I accidently discovered the world’s largest on-line shop a few months ago, that sells everything from LED torches to sleeping bags, to Chinese Army boots and much more (www.aliexpress.com). To be frank, I would be cautious about some of their products; but on the other hand, I’m not keen to pay a premium price to New Zealand retailers who import exactly the same stuff from China themselves. 

The escrow service means that your money is safe until you get the goods and the free postage and lack of GST (for items under NZ$400 including freight) is a bonus. Downsides include specifications that are sometimes impossible to fathom and ambiguous translations. I guess there’s also a message to manufacturers here: get your gear made in China and maybe you can buy it cheaper from Aliexpress than you can from your outsourced factory? If you really want to buy in bulk, go to the sister site www.alibaba.com, but be warned about traps for young players when you start paying with Telegraphic Transfers (TT) instead of VISA.
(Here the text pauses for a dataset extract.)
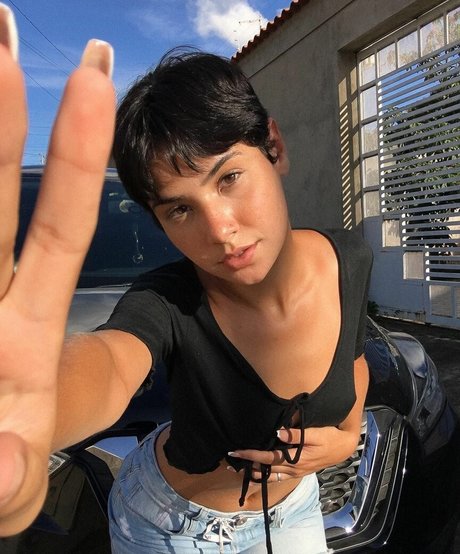 Isis Rodrigues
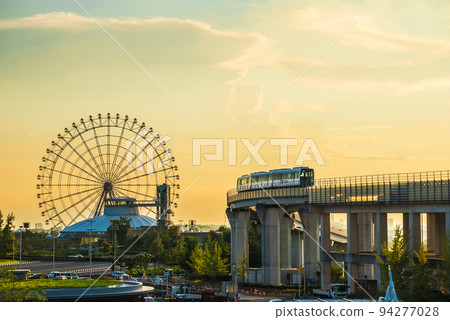 <<Aichi Prefecture>> Nagakute City Ferris wheel and Linimo at Aichi Expo Commemorative Park (Morikoro Park) dyed in the setting sun 94277028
I have a rule of thumb: if the local retailer provides me with service, customisation, fitting and advice then I buy it from them, even if they are more expensive. There is, after all, real value in buying well-fitting boots. However, if the shop only marks up the price and doesn’t add any extra value, then I’ll shop on the Internet. Getting good advice in person from a shop and then buying on the Internet is a form of stealing, or at least dishonesty.